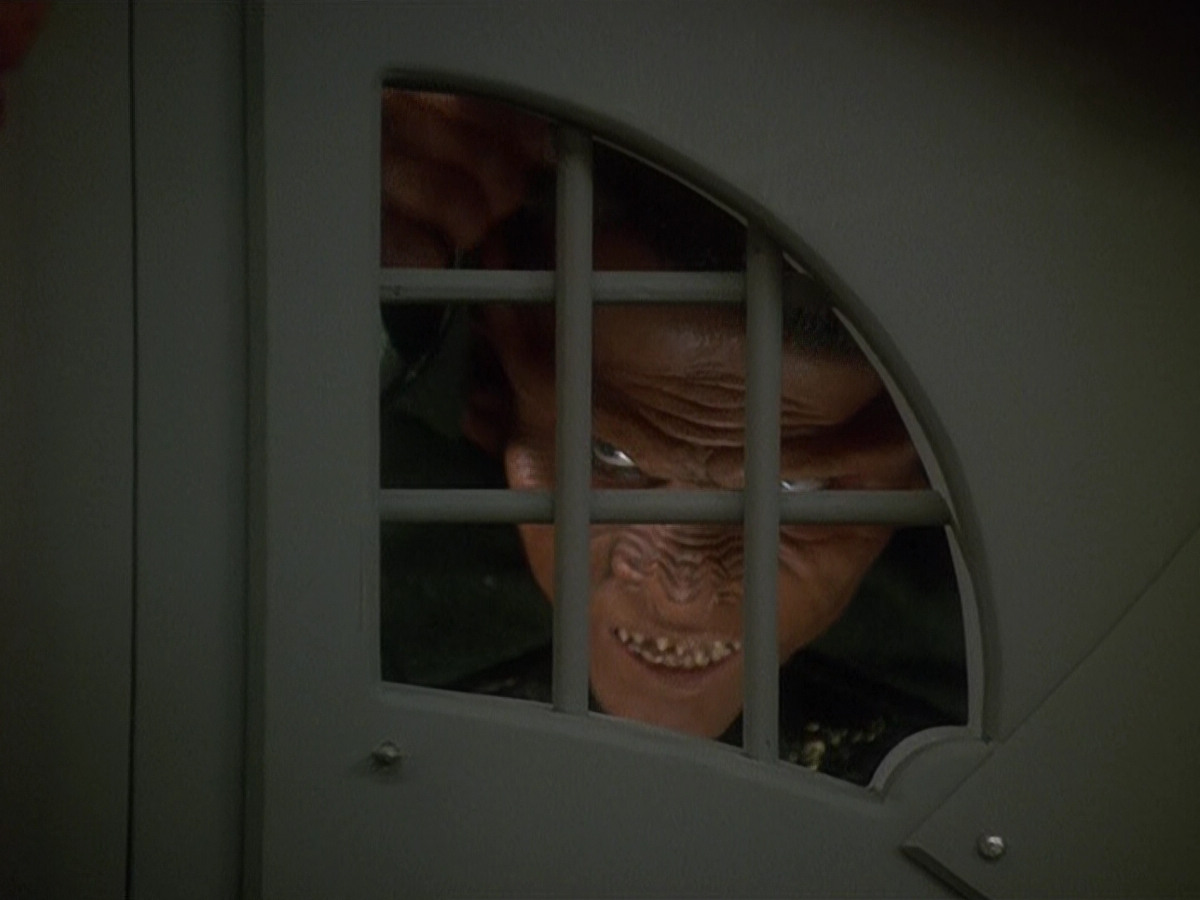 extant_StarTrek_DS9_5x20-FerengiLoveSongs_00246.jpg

◇ ◇ ◇ ◇ ◇ ◇ ◇

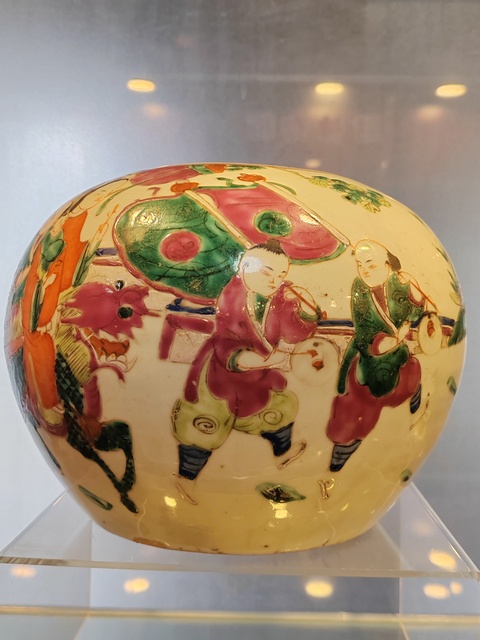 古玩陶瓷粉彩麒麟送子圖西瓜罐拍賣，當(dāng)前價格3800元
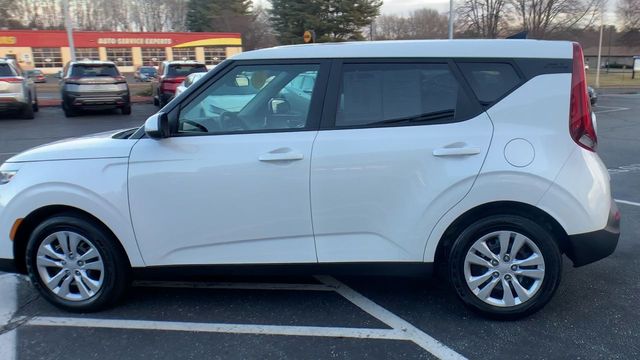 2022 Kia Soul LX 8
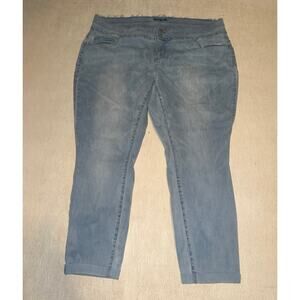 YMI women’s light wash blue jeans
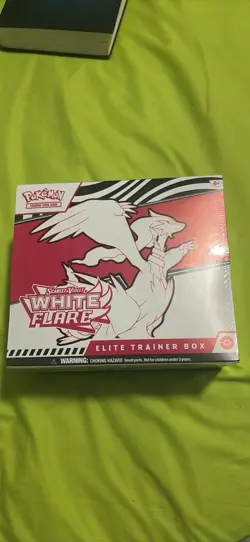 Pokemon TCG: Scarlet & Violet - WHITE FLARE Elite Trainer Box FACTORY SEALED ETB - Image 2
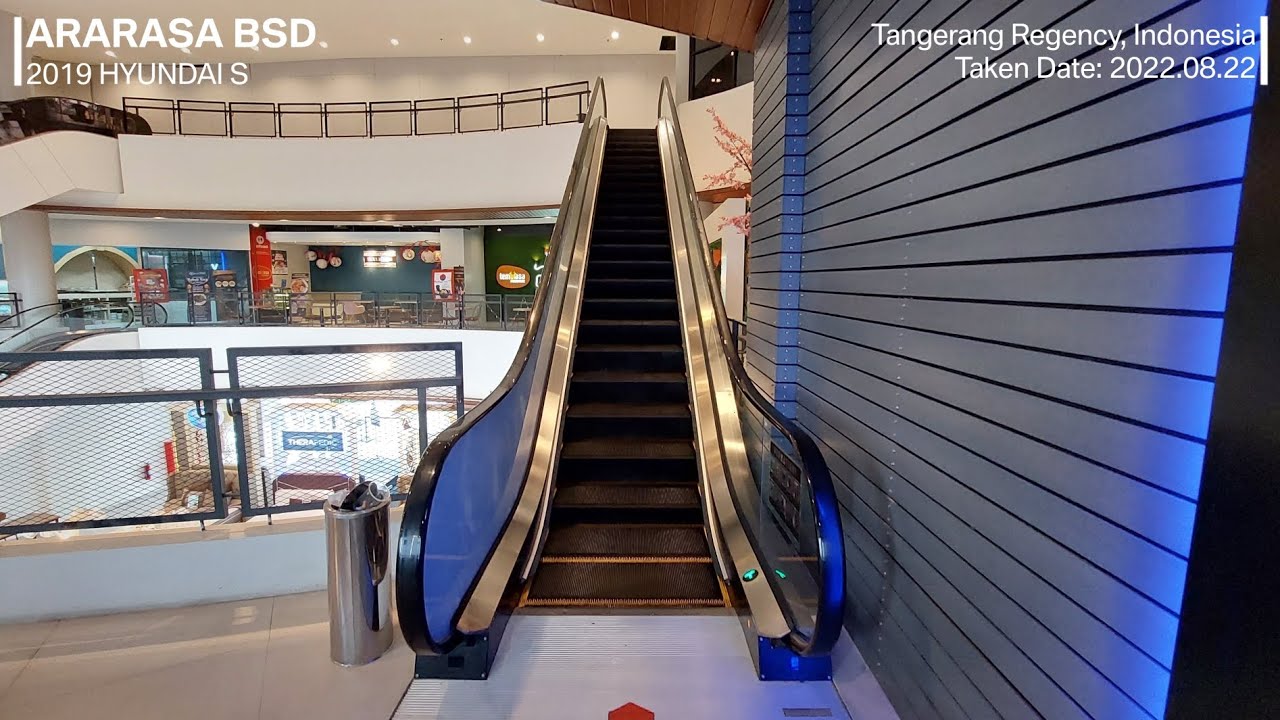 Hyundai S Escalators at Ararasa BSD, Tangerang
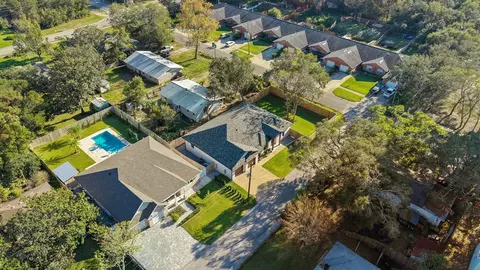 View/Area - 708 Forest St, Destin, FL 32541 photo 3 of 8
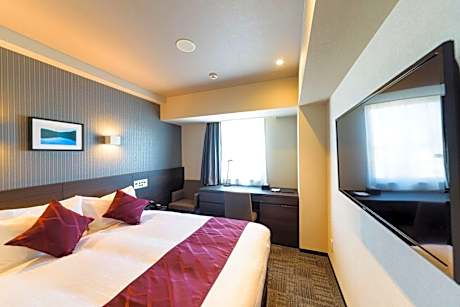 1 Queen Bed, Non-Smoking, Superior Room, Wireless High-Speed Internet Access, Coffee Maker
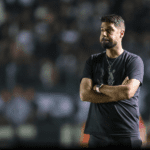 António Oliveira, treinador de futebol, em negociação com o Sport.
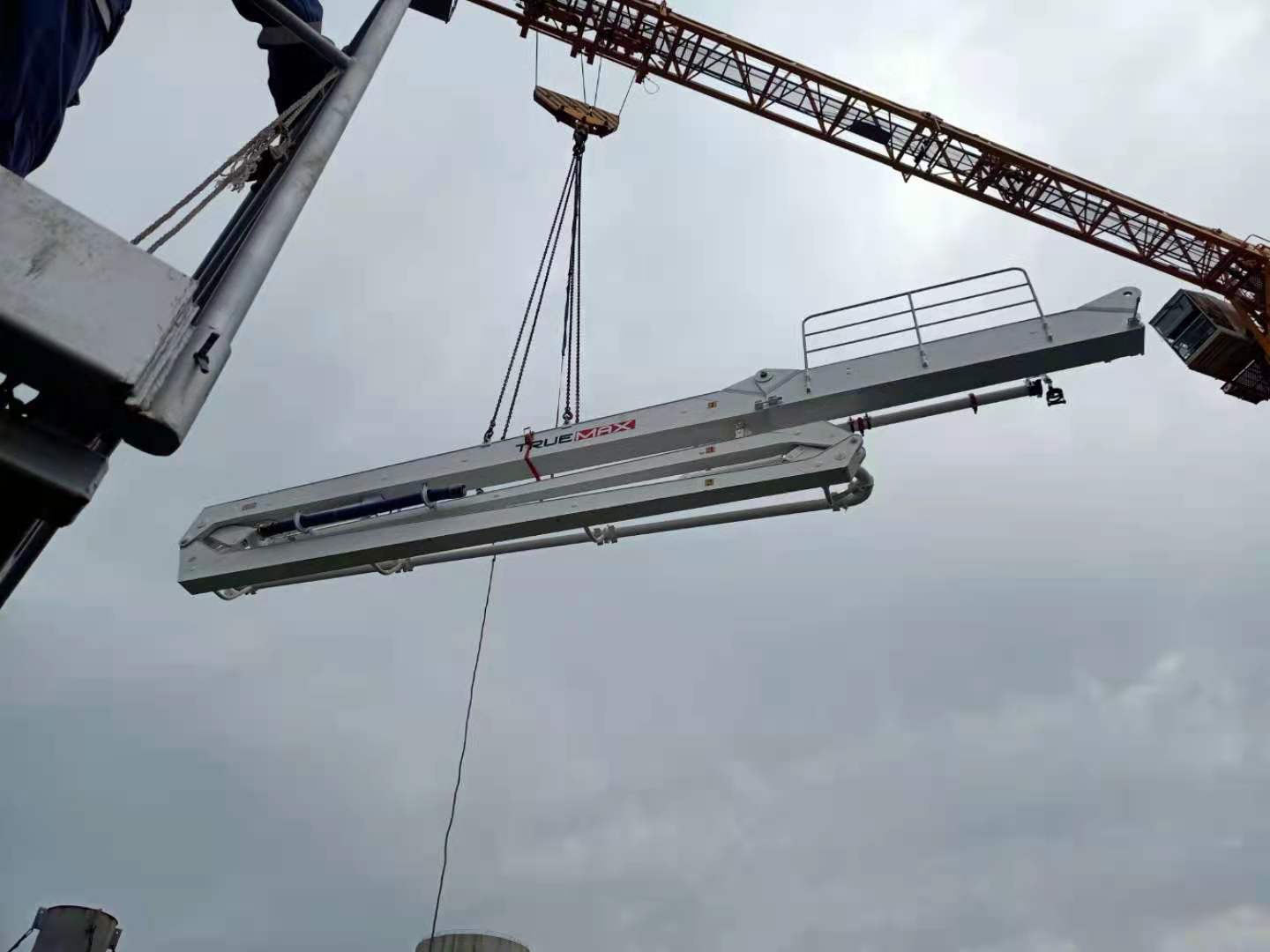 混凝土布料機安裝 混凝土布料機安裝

◇ ◇ ◇ ◇ ◇ ◇ ◇

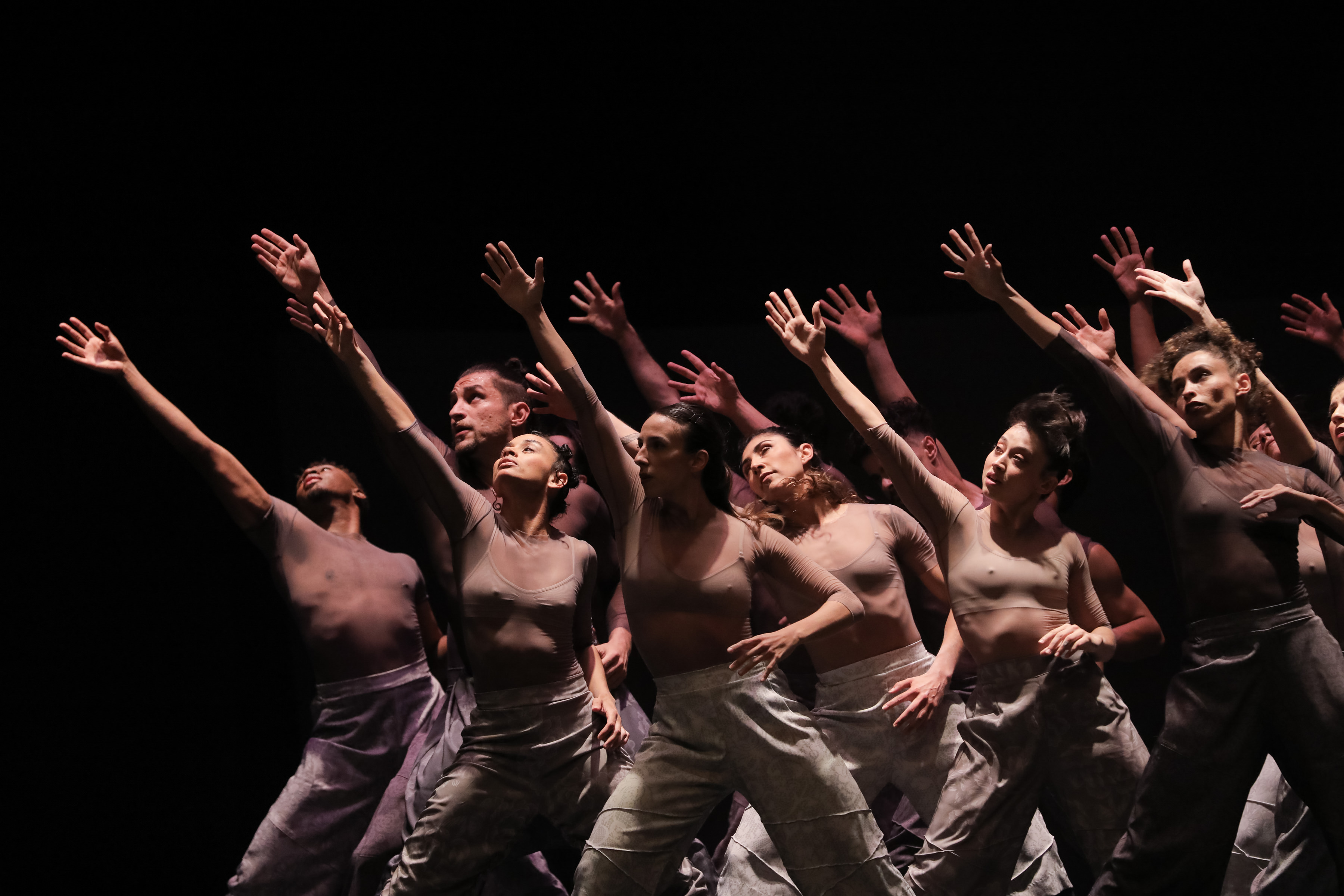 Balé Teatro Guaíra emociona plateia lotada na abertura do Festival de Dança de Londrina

◇ ◇ ◇ ◇ ◇ ◇ ◇

**Exercise description:** Copy only the lines above from the one containing "YMI women’s light wash blue jeans" through the one containing "António Oliveira, treinador", both included. Leave out the pictures.

**Finished exercise:**
 YMI women’s light wash blue jeans
 Pokemon TCG: Scarlet & Violet - WHITE FLARE Elite Trainer Box FACTORY SEALED ETB - Image 2
 Hyundai S Escalators at Ararasa BSD, Tangerang
 View/Area - 708 Forest St, Destin, FL 32541 photo 3 of 8
 1 Queen Bed, Non-Smoking, Superior Room, Wireless High-Speed Internet Access, Coffee Maker
 António Oliveira, treinador de futebol, em negociação com o Sport.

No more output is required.